Dans ce sens, freiner la hausse des coûts des caisses-maladie est le seul geste clair et probant. Il faut s'attaquer au gaspillage et aux inefficacités. Aujourd'hui, les acteurs de la santé se renvoient perpétuellement la balle. Ni les médecins, ni l'industrie pharmaceutique, ni les hôpitaux, ni les cantons n'arrivent à se mettre d'accord pour mettre en oeuvre des mesures efficaces pour freiner la hausse des coûts. Des mesures d'économies existent, elles ont été formulées par un groupe d'experts il y a plusieurs années. Mais la volonté de mise en oeuvre de ces mesures est lacunaire - et c'est un euphémisme.

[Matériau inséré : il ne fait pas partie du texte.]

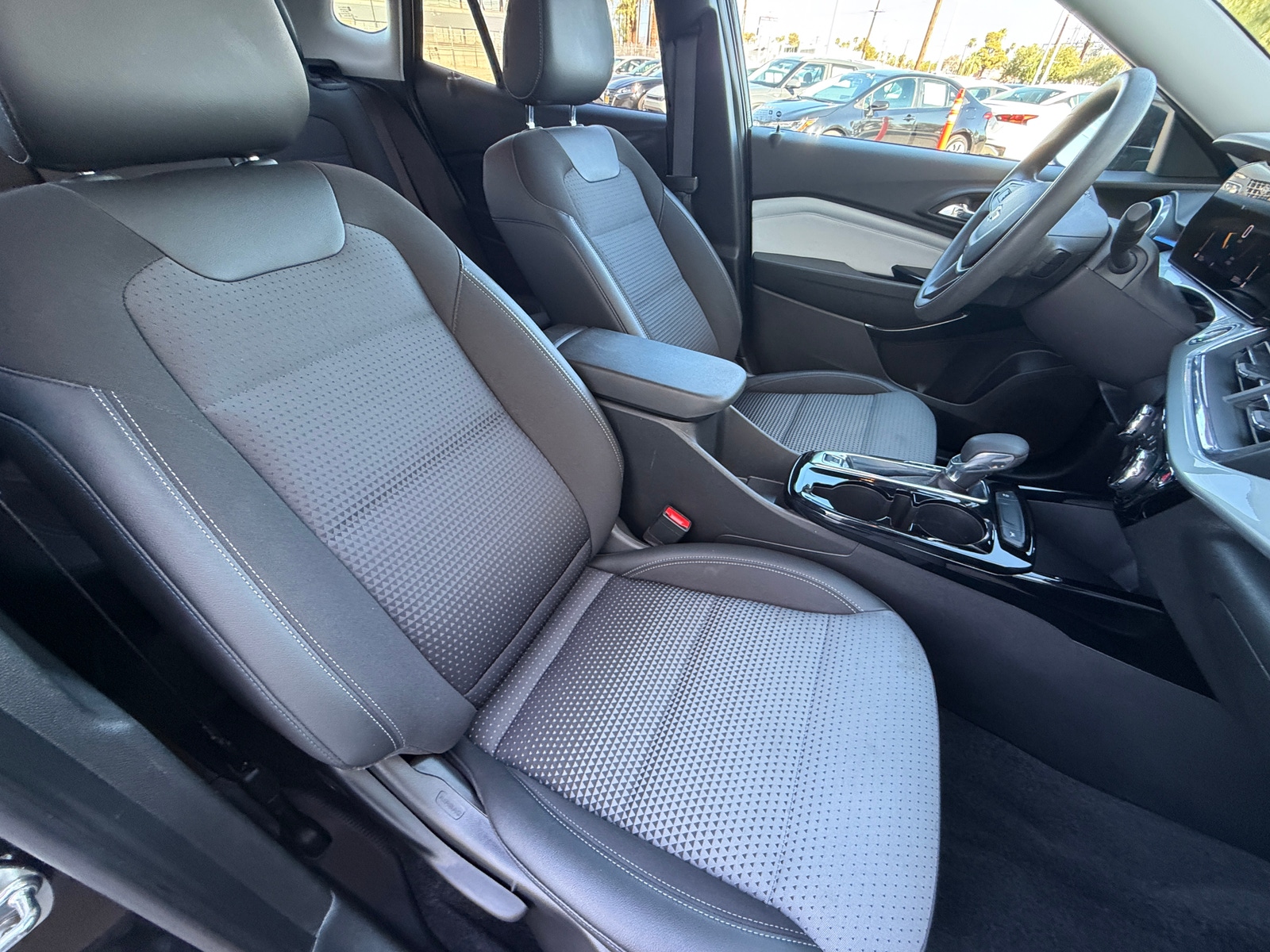 Thumbnail: 2025 Chevrolet Trax - 2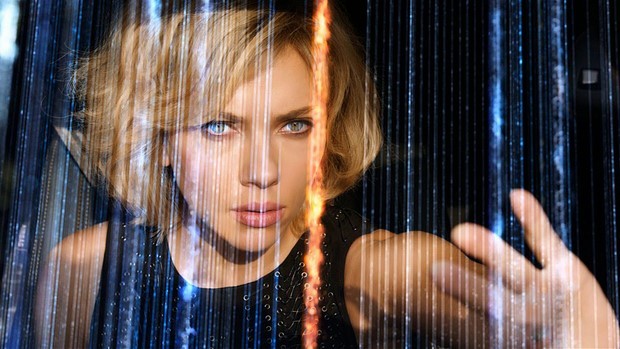Lucy trailer italiano dell'action-thriller fantascientifico di Luc Besson con Scarlett Johansson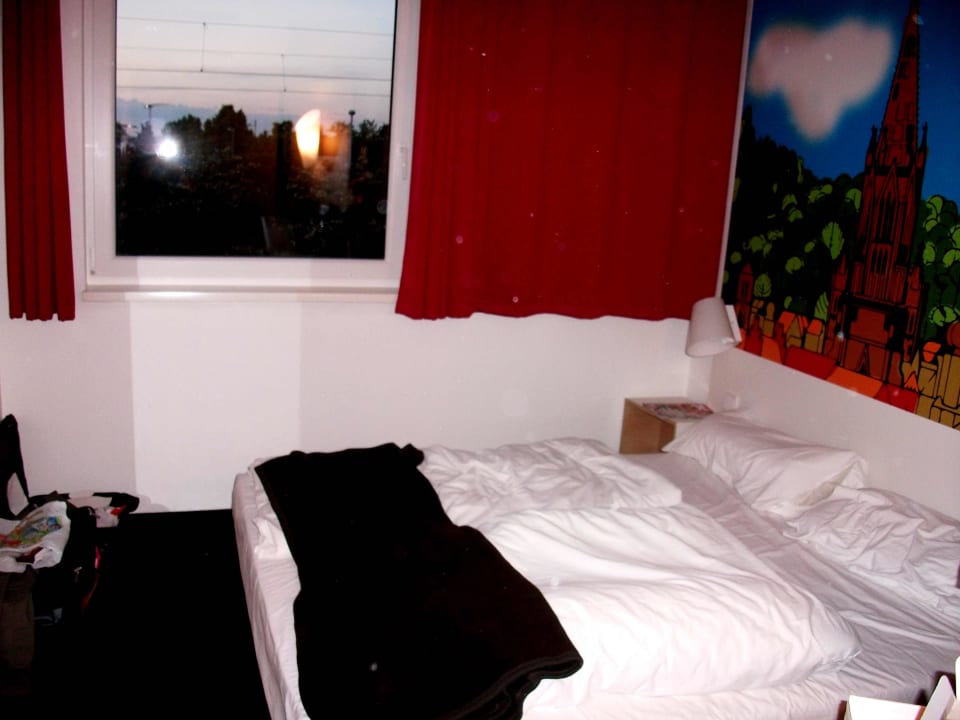 Zimmeransicht B&B Hotel Freiburg-Süd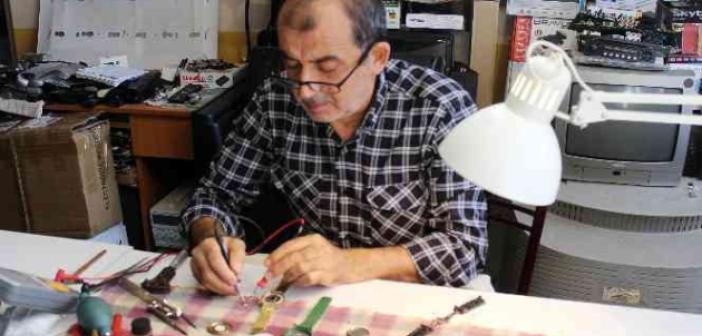 Sinop’ta küçük yaşlarda öğrendiği saatçi mesleğini 33 yıldır sürdürüyor
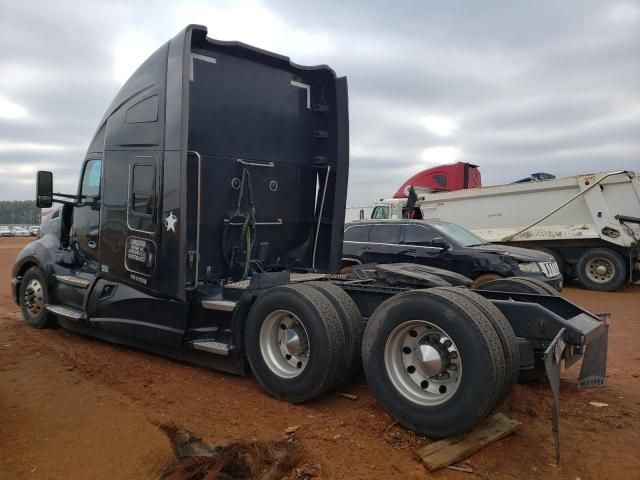 2017 Kenworth Construction T680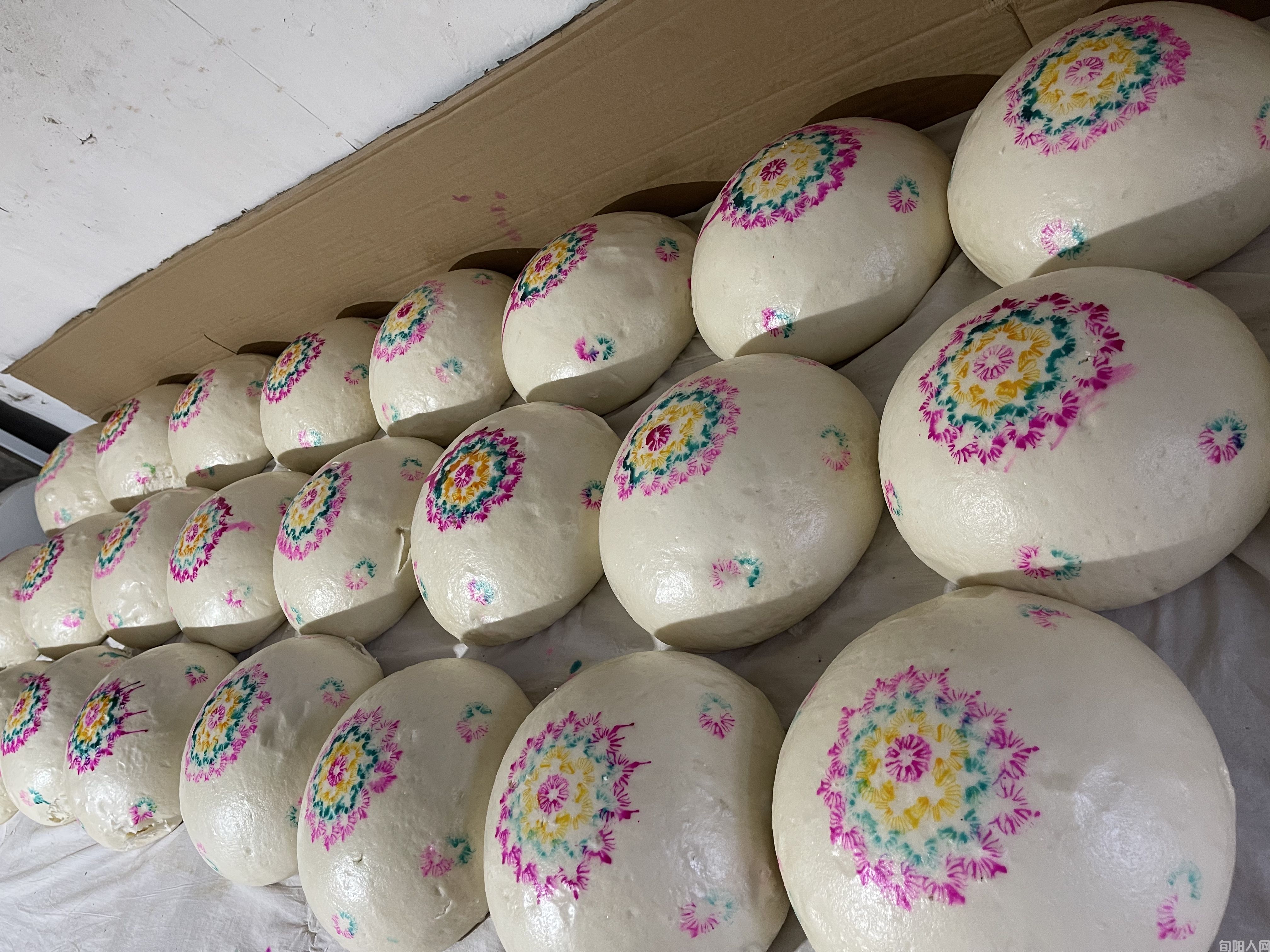 旬阳美食:带你走进“手工酵子馍”的世界(图6) 蜀河酵子馍坊02.jpg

Voulons-nous continuer à payer nos médicaments quatre à cinq fois plus cher qu'à l'étranger, pour un coût de 400 millions de francs par an? La surthérapie, le gaspillage des médicaments, les intérêts économiques, les traitements inutiles ou leur manque d'efficacité et les incitations négatives, ainsi que le prix des médicaments, bien sûr, sont à l'origine de l'explosion des primes.
La responsabilité principale incombe à l'irresponsabilité de certains prestataires individuels. Il faut éliminer les coûts inutiles. Si nous ne les éliminons pas, le risque est grand que le catalogue de base des prestations soit réduit, ce qui s'avèrerait particulièrement dangereux pour la classe moyenne, sachant qu'il y aura probablement un transfert vers les assurances complémentaires que tout un chacun ne peut s'offrir. Ne rien faire aujourd'hui représente une grande menace de médecine à plusieurs vitesses.

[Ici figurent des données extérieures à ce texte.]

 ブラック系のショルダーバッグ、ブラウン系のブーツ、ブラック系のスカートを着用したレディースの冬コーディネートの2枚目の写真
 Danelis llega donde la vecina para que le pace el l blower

Cette initiative amène des réponses à ces problèmes en exigeant que le Conseil fédéral, l'Assemblée fédérale et les cantons interviennent, lorsque les coûts de la santé augmentent plus fortement que l'évolution des salaires. Nous savons tous [PAGE 717] ce qu'il y a à faire, mais nous ne le faisons pas. Nous devons agir, mais nous n'agissons pas. Seule une inscription dans la Constitution fédérale nous obligerait à assumer nos responsabilités. Aujourd'hui, la population suisse attend désespérément un vrai geste de notre part.
C'est pourquoi je pense qu'il est urgent de dépolitiser ce thème, et je vous demande de recommander d'accepter cette initiative, car le contre-projet ne suffit pas.